By analyzing existing cross correlation between Steel Pipe Industry and Bumi Resources Minerals, you can compare the effects of market volatilities on Steel Pipe and Bumi Resources and check how they will diversify away market risk if combined in the same portfolio for a given time horizon. You can also utilize pair trading strategies of matching a long position in Steel Pipe with a short position of Bumi Resources. Check out your portfolio center. Please also check ongoing floating volatility patterns of Steel Pipe and Bumi Resources.

Diversification Opportunities for Steel Pipe and Bumi Resources

-0.7
  Correlation Coefficient

Excellent diversification

The 3 months correlation between Steel and Bumi is -0.7. Overlapping area represents the amount of risk that can be diversified away by holding Steel Pipe Industry and Bumi Resources Minerals in the same portfolio, assuming nothing else is changed. The correlation between historical prices or returns on Bumi Resources Minerals and Steel Pipe is a relative statistical measure of the degree to which these equity instruments tend to move together. The correlation coefficient measures the extent to which returns on Steel Pipe Industry are associated (or correlated) with Bumi Resources. Values of the correlation coefficient range from -1 to +1, where. The correlation of zero (0) is possible when the price movement of Bumi Resources Minerals has no effect on the direction of Steel Pipe i.e., Steel Pipe and Bumi Resources go up and down completely randomly.

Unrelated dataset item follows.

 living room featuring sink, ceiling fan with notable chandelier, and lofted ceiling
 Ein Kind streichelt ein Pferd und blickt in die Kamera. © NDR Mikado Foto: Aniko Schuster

Pair Corralation between Steel Pipe and Bumi Resources

Assuming the 90 days trading horizon Steel Pipe Industry is expected to under-perform the Bumi Resources. But the stock apears to be less risky and, when comparing its historical volatility, Steel Pipe Industry is 7.72 times less risky than Bumi Resources. The stock trades about -0.44 of its potential returns per unit of risk. The Bumi Resources Minerals is currently generating about 0.16 of returns per unit of risk over similar time horizon. If you would invest  37,400  in Bumi Resources Minerals on August 27, 2024 and sell it today you would earn a total of  6,800  from holding Bumi Resources Minerals or generate 18.18% return on investment over 90 days.
Time Period3 Months [change]
DirectionMoves Against 
StrengthWeak
Accuracy100.0%
ValuesDaily Returns

Steel Pipe Industry  vs.  Bumi Resources Minerals

 Performance 
       Timeline  
Steel Pipe Industry 

Risk-Adjusted Performance

0 of 100

 
Weak
 
Strong
Very Weak
Over the last 90 days Steel Pipe Industry has generated negative risk-adjusted returns adding no value to investors with long positions. Despite latest conflicting performance, the Stock's forward-looking signals remain persistent and the latest mess on Wall Street may also be a sign of long-standing gains for the company institutional investors.
Bumi Resources Minerals 

Risk-Adjusted Performance

24 of 100

 
Weak
 
Strong
Solid
Compared to the overall equity markets, risk-adjusted returns on investments in Bumi Resources Minerals are ranked lower than 24 (%) of all global equities and portfolios over the last 90 days. Despite quite conflicting forward-looking signals, Bumi Resources disclosed solid returns over the last few months and may actually be approaching a breakup point.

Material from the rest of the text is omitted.